A Scandal in Bohemia was the first of Arthur Conan Doyle's 56 Sherlock Holmes short stories to be published in The Strand Magazine. (Two of the four Sherlock Holmes novels — A Study in Scarlet and The Sign of Four — preceded the short story cycle.)

Synopsis

Holmes is visited by a masked gentleman who introduces himself as Count Von Kramm, an agent for a wealthy client, but Holmes quickly deduces that he is in fact Wilhelm Gottsreich Sigismond von Ormstein, Grand Duke of Cassel-Felstein, the hereditary King of Bohemia. The king admits this, tearing his mask off.
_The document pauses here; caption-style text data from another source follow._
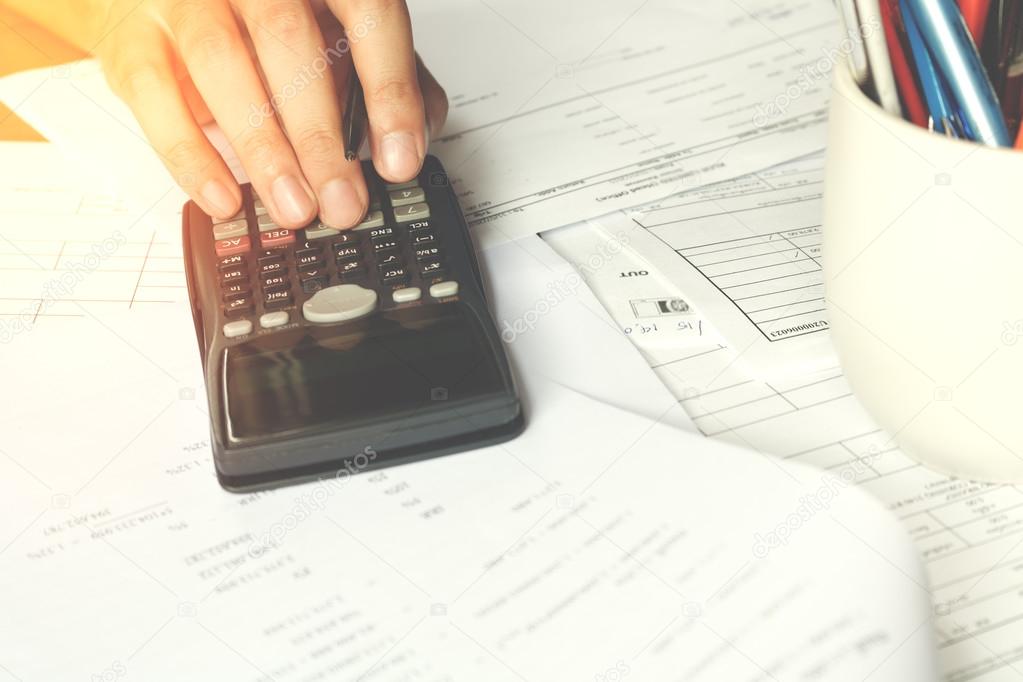 savings, finances, economy and office concept. Business people counting on calculator sitting at the table. Close up of hands and stationery, soft focus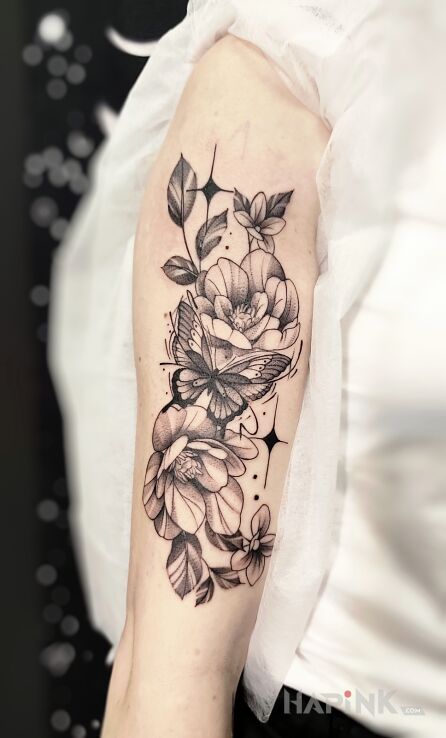Tattoo Butterfly in Flowers in butterflies motif and graphic / illustrative style On the arm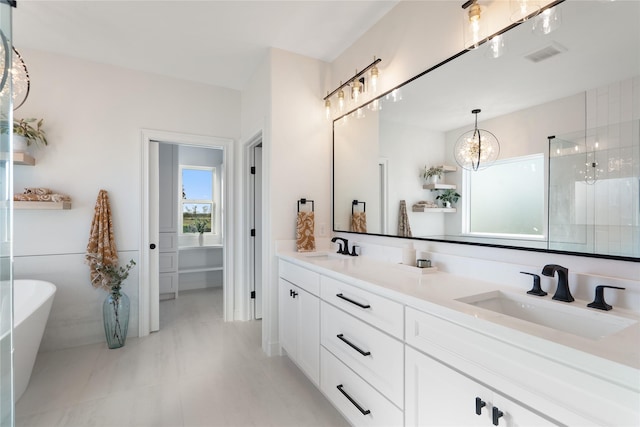 bathroom featuring separate shower and tub and vanity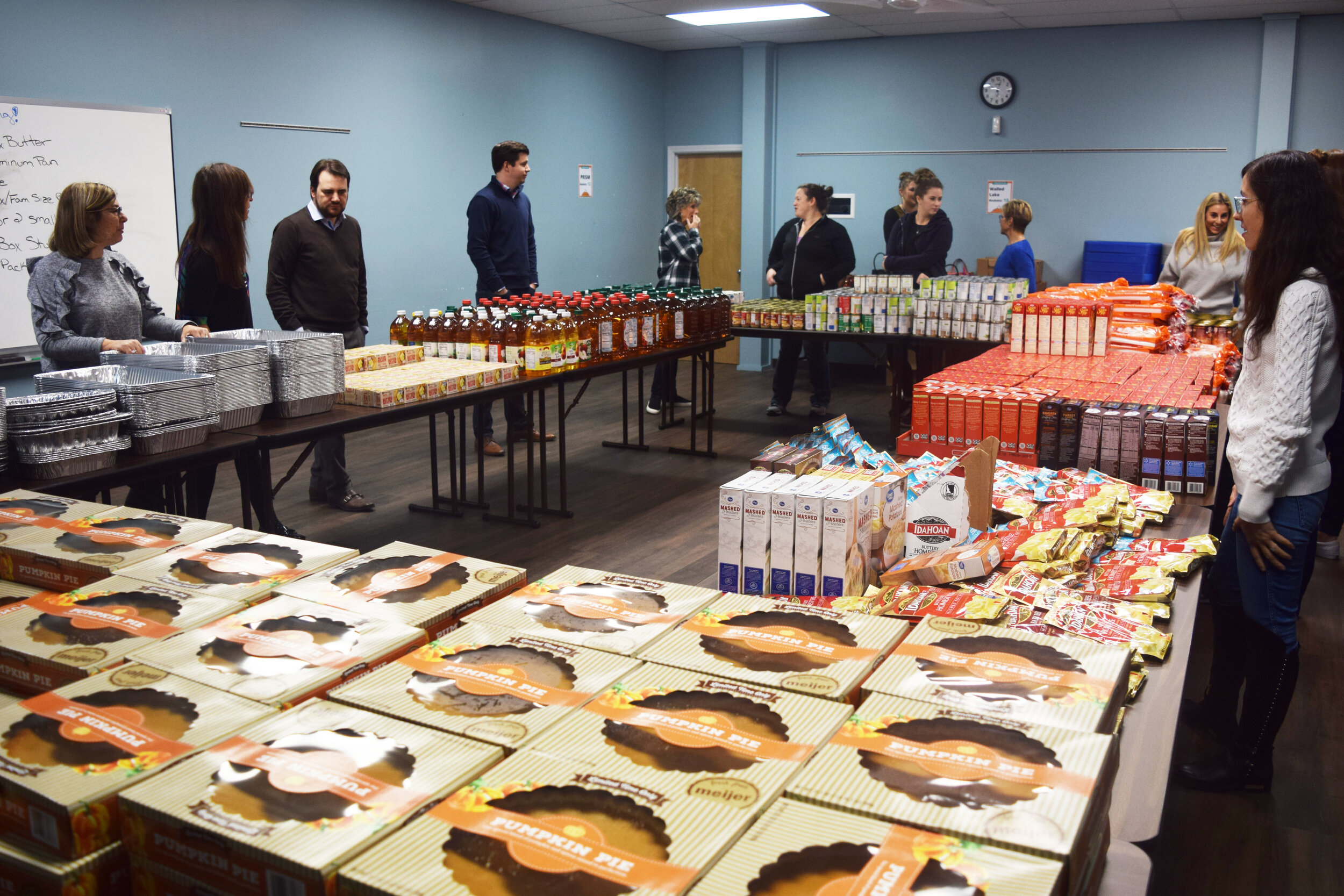 Volunteers get ready to assemble Thanksgiving baskets.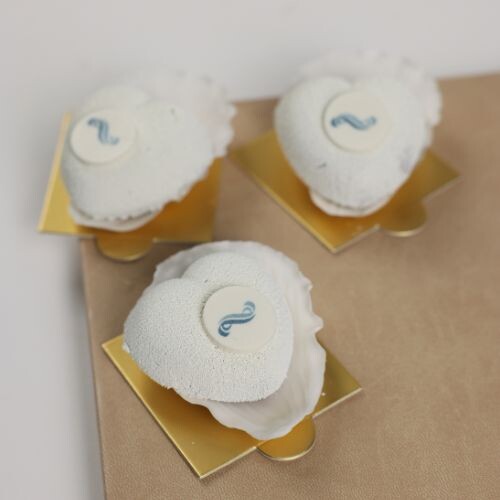 Mini heart mousse cake in a flower patel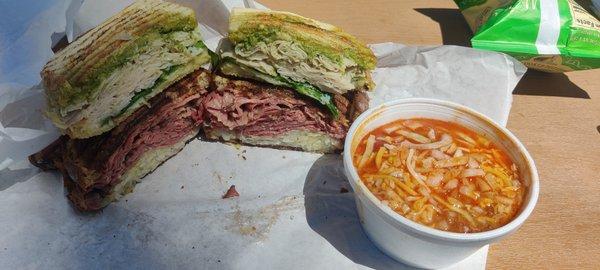 Turkey Pesto  on top and a Pastrami Reuben on bottom w/ Chili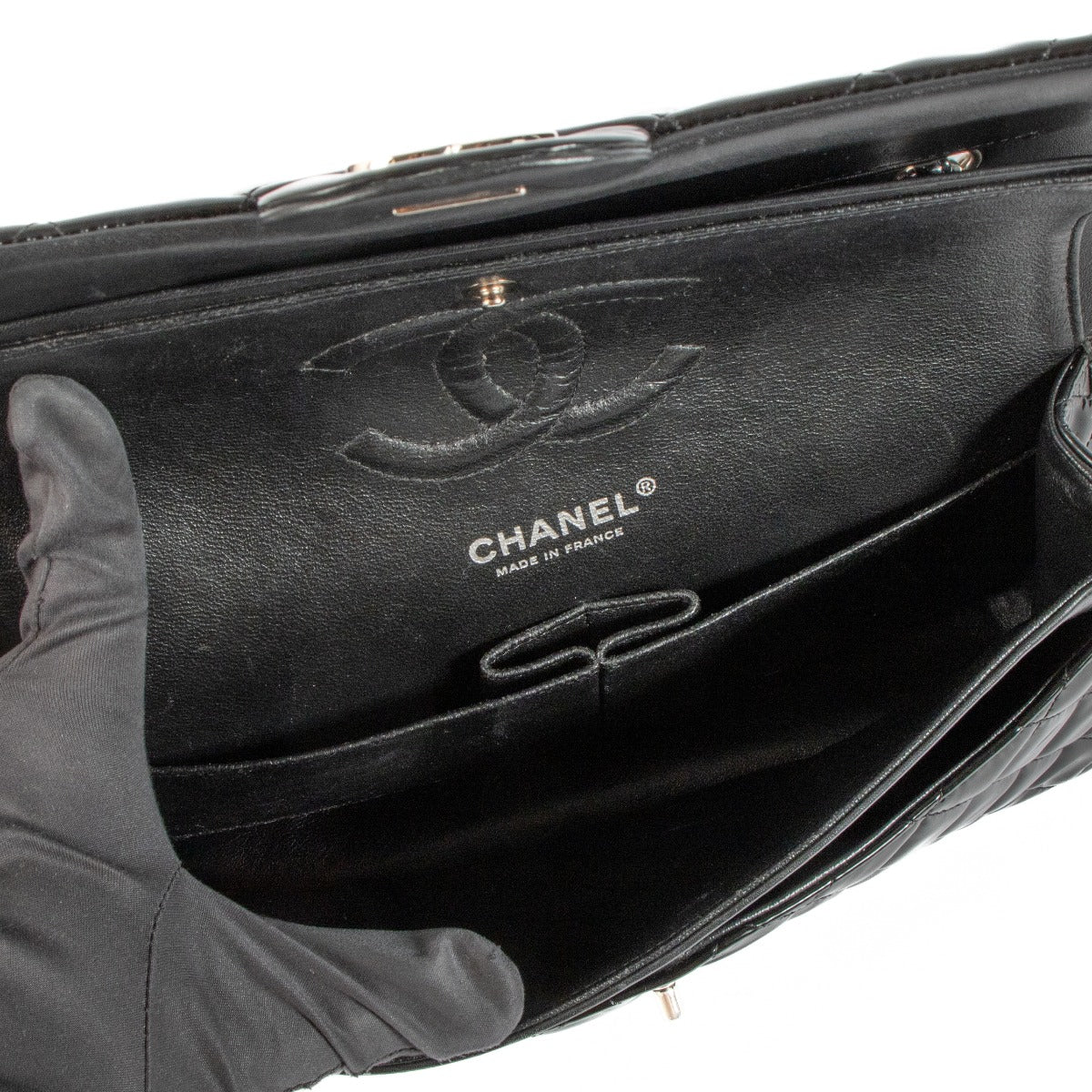 Shop safe online at Labellov in Antwerp, Brussels and Knokke this 100% authentic second hand Chanel Black Patent Leather Medium Classic Flap Bag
He is engaged to be married to Clotilde Lothman von Saxe-Meningen, a young Scandinavian princess, but one thing stands in the way of his happiness. The king’s inlaws-to-be would have a very low opinion of him indeed if any evidence of his former liaison with an opera singer named Irene Adler, originally from New Jersey, were ever revealed to them. Unfortunately, that is what the lady herself is threatening to do, apparently not, though, for monetary gain, for the king’s agents have already tried to buy the evidence. They have also broken into Miss Adler’s house to find it.

It is a photograph showing both the king, then the Crown Prince, and Irene Adler, described to Holmes as a “cabinet”, and therefore a bit bulky for a lady to carry upon her person. The king gives Holmes £1,000 to cover any expenses. Holmes asks Dr. Watson to join him at 221B Baker Street the following afternoon.

The next morning, Holmes goes out to Miss Adler’s house dressed as an out-of-work groom and manages to elicit quite a bit of useful information from his fellow horsey men. Irene Adler has a gentleman friend who calls at least once a day by the name of Godfrey Norton. On this particular day, Norton comes to visit Miss Adler, and soon afterwards, takes a cab to the Church of St. Monica in Edgware Road. Minutes later, the lady herself gets in her landau bound for the same place. Holmes follows in a cab and, arriving, finds himself dragged into the church to be a witness to Godfrey Norton’s and Irene Adler’s wedding. Curiously, they go their separate ways after the ceremony.

Holmes decides to make his move that evening, with Watson’s help. Disguising himself as a simple-minded clergyman, he arrives at Irene Adler’s house and, with his agents’ help, causes a commotion in which he falls down with his face bloodied, just as Miss Adler, or Mrs. Norton, arrives home. She has the clergyman conveyed into the house where she tends to him. Watson, having been instructed to keep near the sitting room window, waits for Holmes to raise his hand. At this signal, Watson throws a plumber’s rocket through the window and yells “Fire!”, as do the assorted other characters in the street, all hired by Holmes with the money from the king. Holmes observes Mrs. Norton rushing to a panel in the sitting room, opening it, and beginning to take something out. Having thus discovered where the photograph is, he calls out that it is a false alarm, and contrives to leave the house and to meet Watson at the corner as prearranged.

Upon arriving back at Baker Street, however, something odd happens: they hear a voice say “Good-night, Mister Sherlock Holmes”. Holmes recognizes the voice but cannot place it. If he could, he would deduce what the episode meant.

Holmes, Watson, and the king go to Irene Adler’s house early the next morning to see about doing what Holmes did not have the opportunity to do the night before, namely stealing the photograph. However, they find that she and her husband have left England never to return. The photograph is gone, and in its stead, another has been left, showing only her.

She has also left a letter for Holmes, making it plain that she knew who he was — her suspicions were aroused by the “fire” — and that he was likely to be hired by the king. She declares that she loves and is loved by Godfrey Norton and no longer feels the need to mire her former lover in scandal, and also that the king need never worry now about the photograph — unless he is foolish enough to take any threatening action against her. She has, of course, kept it.

This is one of the few instances in which Holmes is not wholly successful.

The story is considered one of the Holmesian Canon's best.

It is also notable as the only appearance in the Canon of Irene Adler.